Introduction

Implantation of an implantable cardioverter-defibrillator (ICD) is the current state-of-the-art therapy to reduce mortality in patients with malign ventricular arrhythmias (VA) as well in survivors of sudden cardiac death due to VA [1,2,3,4]. Because of population aging, octogenarians (patient age ≥ 80 years) have become a relevant patient group for an ICD therapy, but this group of patients is still underrepresented in the large ICD trials [1,2,3,4]. According to a recent German pacemaker registry report 12.3% of all ICD implantations were performed in octogenarians [5]. Because these patients often suffer from non-cardiac comorbidities leading to non-cardiac death, the benefit of ICD therapy in patients aged ≥ 80 years is still a matter of debate [6].

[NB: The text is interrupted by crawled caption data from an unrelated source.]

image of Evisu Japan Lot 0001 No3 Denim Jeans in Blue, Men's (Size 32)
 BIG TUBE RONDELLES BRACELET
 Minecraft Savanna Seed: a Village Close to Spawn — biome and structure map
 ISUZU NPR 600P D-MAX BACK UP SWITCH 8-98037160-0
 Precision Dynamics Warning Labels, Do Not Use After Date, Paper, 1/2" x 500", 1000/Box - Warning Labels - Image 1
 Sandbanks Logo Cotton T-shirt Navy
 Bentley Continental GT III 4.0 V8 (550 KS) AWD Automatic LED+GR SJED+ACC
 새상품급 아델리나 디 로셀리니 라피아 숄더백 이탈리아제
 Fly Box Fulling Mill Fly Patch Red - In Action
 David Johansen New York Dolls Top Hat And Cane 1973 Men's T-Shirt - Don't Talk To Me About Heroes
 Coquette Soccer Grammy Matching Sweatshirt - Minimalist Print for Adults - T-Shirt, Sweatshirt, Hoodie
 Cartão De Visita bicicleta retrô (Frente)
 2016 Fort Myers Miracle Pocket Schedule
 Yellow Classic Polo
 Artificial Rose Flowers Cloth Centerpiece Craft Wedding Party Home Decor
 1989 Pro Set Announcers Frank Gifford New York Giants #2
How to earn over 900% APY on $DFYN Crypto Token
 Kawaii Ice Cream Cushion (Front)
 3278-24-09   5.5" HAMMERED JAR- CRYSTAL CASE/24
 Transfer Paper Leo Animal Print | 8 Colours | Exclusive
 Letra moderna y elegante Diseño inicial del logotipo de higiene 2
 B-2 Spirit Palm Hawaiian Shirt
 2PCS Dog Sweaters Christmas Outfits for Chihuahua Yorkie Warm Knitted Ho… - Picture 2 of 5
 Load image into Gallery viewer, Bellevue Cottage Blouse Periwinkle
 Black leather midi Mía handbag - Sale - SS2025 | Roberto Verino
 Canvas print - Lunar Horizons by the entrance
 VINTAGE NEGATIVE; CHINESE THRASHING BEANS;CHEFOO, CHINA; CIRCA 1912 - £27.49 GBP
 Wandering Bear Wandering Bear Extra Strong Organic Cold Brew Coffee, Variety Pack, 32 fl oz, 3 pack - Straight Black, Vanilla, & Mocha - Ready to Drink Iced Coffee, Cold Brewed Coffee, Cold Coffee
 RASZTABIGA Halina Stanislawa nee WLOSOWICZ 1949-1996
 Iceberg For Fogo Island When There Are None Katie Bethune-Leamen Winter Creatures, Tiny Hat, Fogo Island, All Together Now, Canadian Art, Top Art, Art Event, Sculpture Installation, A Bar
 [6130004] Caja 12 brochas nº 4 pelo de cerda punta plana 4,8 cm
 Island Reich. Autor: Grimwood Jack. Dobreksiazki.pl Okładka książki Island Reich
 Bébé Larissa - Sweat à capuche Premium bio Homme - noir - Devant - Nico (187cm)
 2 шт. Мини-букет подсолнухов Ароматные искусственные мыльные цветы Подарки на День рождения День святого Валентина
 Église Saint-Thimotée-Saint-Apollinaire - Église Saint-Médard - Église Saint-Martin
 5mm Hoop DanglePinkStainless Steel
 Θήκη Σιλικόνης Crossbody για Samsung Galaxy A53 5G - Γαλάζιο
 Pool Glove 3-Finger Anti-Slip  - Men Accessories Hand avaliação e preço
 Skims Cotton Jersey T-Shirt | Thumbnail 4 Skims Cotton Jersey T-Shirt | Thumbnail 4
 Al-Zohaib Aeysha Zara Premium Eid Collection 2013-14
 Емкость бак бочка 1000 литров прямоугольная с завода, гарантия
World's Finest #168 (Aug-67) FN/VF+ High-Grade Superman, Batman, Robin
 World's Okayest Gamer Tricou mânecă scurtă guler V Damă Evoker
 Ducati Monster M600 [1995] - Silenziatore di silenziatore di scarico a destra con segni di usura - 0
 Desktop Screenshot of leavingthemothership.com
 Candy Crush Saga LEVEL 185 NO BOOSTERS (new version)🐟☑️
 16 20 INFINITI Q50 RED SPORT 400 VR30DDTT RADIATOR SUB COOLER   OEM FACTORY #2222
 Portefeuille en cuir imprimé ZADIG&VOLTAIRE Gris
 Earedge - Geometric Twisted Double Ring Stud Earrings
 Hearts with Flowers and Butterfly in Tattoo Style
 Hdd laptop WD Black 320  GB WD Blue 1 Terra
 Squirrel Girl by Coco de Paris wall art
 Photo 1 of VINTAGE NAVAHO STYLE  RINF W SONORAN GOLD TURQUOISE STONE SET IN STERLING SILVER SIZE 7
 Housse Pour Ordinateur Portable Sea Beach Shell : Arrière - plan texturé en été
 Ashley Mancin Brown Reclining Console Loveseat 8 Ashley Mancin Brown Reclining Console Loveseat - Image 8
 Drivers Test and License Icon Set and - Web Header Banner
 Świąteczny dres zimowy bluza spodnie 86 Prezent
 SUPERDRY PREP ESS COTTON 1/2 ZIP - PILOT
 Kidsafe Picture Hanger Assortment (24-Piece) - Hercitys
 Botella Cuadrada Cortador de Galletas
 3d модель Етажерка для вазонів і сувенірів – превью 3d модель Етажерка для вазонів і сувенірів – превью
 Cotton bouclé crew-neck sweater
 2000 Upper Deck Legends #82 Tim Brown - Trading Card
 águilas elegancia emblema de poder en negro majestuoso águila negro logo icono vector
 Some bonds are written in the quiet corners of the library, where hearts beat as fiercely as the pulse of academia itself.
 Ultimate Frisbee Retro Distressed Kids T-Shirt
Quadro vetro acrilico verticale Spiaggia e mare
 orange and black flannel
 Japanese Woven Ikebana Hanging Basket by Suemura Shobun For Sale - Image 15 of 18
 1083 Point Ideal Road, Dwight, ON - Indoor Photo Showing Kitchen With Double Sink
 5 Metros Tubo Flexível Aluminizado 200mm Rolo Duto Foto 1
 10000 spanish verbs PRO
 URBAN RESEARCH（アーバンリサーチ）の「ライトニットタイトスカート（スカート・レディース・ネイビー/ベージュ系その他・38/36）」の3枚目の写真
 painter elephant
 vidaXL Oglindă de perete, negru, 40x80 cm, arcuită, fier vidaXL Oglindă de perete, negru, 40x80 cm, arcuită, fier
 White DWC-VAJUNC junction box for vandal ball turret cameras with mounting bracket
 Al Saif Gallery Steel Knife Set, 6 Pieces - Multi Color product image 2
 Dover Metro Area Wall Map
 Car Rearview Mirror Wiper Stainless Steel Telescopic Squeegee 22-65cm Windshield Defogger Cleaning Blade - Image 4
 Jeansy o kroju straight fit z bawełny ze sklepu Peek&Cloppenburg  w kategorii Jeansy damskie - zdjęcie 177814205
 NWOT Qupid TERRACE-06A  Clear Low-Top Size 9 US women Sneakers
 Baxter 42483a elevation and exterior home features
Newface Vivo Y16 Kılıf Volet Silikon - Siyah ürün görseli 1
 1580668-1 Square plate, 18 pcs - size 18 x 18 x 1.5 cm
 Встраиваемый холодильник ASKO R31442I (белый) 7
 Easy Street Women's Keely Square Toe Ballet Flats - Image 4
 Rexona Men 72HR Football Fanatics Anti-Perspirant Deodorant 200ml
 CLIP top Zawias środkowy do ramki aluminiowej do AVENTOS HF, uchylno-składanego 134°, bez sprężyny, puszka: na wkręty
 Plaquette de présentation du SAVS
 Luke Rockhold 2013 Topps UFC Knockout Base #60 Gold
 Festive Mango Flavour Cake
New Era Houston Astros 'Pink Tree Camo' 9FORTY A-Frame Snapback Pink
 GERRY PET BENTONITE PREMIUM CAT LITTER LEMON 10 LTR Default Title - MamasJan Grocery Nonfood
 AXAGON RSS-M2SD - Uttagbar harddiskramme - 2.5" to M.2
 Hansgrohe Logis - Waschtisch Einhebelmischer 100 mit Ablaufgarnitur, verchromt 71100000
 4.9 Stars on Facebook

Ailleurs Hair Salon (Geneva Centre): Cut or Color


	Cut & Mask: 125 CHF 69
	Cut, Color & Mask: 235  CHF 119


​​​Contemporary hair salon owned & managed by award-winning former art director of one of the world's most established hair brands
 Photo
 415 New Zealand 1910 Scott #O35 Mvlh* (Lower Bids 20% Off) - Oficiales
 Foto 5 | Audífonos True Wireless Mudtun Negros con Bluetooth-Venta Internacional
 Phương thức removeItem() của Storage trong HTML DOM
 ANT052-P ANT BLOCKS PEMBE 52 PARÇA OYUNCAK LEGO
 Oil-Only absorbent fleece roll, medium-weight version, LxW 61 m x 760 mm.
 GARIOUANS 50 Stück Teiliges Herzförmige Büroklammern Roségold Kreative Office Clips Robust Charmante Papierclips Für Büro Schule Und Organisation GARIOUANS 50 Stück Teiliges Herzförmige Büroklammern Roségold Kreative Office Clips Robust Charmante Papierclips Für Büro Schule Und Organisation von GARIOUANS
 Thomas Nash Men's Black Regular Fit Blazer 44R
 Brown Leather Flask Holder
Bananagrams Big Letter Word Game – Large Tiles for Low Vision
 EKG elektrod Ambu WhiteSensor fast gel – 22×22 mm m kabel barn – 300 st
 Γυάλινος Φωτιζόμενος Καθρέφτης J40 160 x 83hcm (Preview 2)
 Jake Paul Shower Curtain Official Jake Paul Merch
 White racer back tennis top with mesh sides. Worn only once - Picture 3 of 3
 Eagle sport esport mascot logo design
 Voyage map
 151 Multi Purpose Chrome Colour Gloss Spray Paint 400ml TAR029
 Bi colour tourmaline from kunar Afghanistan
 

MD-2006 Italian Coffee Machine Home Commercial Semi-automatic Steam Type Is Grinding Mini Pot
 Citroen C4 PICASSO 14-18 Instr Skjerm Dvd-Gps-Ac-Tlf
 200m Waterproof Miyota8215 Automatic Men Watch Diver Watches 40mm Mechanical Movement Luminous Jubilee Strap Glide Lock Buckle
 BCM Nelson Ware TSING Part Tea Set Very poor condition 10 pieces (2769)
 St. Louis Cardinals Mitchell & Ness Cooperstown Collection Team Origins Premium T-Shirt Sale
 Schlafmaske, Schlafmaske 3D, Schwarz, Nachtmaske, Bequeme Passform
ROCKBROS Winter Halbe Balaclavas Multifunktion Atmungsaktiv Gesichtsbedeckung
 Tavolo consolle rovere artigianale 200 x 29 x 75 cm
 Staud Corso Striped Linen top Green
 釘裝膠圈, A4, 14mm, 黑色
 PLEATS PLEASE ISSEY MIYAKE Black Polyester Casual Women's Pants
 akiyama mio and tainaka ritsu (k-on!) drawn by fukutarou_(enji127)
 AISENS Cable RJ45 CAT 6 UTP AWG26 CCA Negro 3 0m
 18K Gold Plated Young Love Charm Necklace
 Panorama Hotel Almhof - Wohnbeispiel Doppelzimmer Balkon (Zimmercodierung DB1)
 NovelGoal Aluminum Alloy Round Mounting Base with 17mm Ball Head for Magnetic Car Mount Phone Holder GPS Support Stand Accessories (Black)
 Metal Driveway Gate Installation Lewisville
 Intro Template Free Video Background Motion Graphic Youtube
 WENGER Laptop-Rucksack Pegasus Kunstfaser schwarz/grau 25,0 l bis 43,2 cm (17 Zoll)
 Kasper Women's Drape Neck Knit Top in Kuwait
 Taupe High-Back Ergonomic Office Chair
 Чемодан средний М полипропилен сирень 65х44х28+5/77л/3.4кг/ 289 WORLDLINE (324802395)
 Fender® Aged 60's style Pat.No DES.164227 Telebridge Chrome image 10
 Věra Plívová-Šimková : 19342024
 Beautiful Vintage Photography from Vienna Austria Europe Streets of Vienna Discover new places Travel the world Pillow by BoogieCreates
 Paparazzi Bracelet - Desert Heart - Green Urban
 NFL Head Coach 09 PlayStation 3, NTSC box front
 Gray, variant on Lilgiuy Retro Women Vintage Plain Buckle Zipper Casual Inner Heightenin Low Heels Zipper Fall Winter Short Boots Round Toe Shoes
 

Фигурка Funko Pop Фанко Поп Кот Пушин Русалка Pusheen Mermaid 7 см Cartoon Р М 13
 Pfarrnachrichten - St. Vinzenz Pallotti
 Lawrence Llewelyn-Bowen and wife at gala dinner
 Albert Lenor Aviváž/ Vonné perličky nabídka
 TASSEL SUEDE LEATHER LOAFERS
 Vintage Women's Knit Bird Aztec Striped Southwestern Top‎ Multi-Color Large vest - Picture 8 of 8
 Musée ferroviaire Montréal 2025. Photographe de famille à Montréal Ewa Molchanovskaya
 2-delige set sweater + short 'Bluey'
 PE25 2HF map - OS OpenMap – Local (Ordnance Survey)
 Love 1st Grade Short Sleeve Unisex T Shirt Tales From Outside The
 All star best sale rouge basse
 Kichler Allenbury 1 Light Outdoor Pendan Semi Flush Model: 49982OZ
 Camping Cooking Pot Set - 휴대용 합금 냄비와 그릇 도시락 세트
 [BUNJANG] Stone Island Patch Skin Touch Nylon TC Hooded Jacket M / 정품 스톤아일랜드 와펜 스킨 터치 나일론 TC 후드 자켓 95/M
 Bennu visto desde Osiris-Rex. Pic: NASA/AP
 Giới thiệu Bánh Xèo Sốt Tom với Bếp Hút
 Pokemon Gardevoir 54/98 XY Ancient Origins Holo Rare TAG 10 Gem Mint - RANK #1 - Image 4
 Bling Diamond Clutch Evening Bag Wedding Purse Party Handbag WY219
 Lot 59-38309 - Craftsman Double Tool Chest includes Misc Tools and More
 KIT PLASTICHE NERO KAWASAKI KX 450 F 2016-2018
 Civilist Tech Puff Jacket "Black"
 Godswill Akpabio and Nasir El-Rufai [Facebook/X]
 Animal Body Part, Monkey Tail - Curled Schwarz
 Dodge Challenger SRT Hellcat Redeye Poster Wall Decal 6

The current study investigates the clinical outcome of octogenarians after ICD implantation for secondary prevention with regard to all-cause mortality, appropriate ICD therapy and device-related adverse events requiring surgical intervention.

Methods

Database

The data of all patients, who received an ICD at our department, were entered into a database. Baseline data include clinical, echocardiographic and device parameters as well as acute adverse events after ICD implantation. The first follow-up visit took place 6 weeks after the implantation. Subsequently, patients had regular follow-up visits every 3–6 months. During each visit a device interrogation was performed by one of our physicians. The device parameters, any episodes of VA, ICD therapies and device-related complications were documented in the registry.

The ICD registry of the University Medical Center Regensburg has been approved by the institutional Ethics Committee and follows the ethical standards laid down in the 1964 Declaration of Helsinki and its later amendments.

Study group

The current study included 519 patients from the Res-IST Registry who had received an ICD for secondary prevention indication at our department between January 2005 and September 2018. Patients were divided into 6 groups according to their age at the time of ICD implantation [≤ 59 years (n = 202), 60–64 years (n = 75), 65–69 years (n = 81), 70–74 years (n = 70), 75–79 years (n = 57) and ≥ 80 years (n = 34)].

Outcomes

The primary endpoints of the study were all-cause mortality and appropriate ICD therapy, which was defined as anti-tachycardia pacing (ATP) and/or ICD shock due to ventricular arrhythmias. The safety aspects of ICD implantation were also evaluated, including implantation- and device- related adverse effects such as lead dislocation, lead perforation, device-pocket hematoma, pneumothorax, hemothorax, ICD system infection and pericardial effusion requiring revision surgery during the first month after ICD implantation.

Statistical analysis

Descriptive data are presented as mean ± standard deviation (SD), medians ± interquartile range (IQR) or percentages. The Mann–Whitney U test was used for continuous variables and the Chi-squared test was used for ordinal variables to test statistical significance. The baseline characteristics of patients aged < 80 years were compared to those of patients aged ≥ 80 years. The selected endpoints were compared between the different age groups (≤ 59 years, 60–64 years, 65–69 years, 70–74 years, 75–79 years and ≥ 80 years) according to Kaplan–Meier analysis and statistical significance was tested with the log-rank test. Furthermore, a Cox-Regression model was used to analyze the influence of age, left ventricular ejection fraction (LVEF), cardiac resynchronization therapy (CRT), ischemic heart disease (IHD), dilated cardiomyopathy (DCM), chronic kidney disease, diabetes mellitus and obesity on all-cause mortality after ICD implantation. A p value of ≤ 0.05 was considered statistically significant. For statistical analysis IBM Statistics SPSS Version 25 was used.

Results

Baseline characteristics

The baseline characteristics of the 519 patients included in the study are presented in Table 1. Mean age was 61.2 ± 14.5 years and most patients were men (80.3%). The indication for ICD implantation was ventricular fibrillation (VF) in 42.2% and ventricular tachycardia (VT) in 56.3% of patients. 57.3% of patients had ischemic heart disease, and mean LVEF was 38 ± 14%. Patients aged ≥ 80 years had more often ischemic heart disease, permanent atrial fibrillation and chronic kidney disease as well as a lower body mass index. The rate of patients with DCM, other cardiomyopathies or channelopathies and obesity was significantly higher in the age group < 80 years.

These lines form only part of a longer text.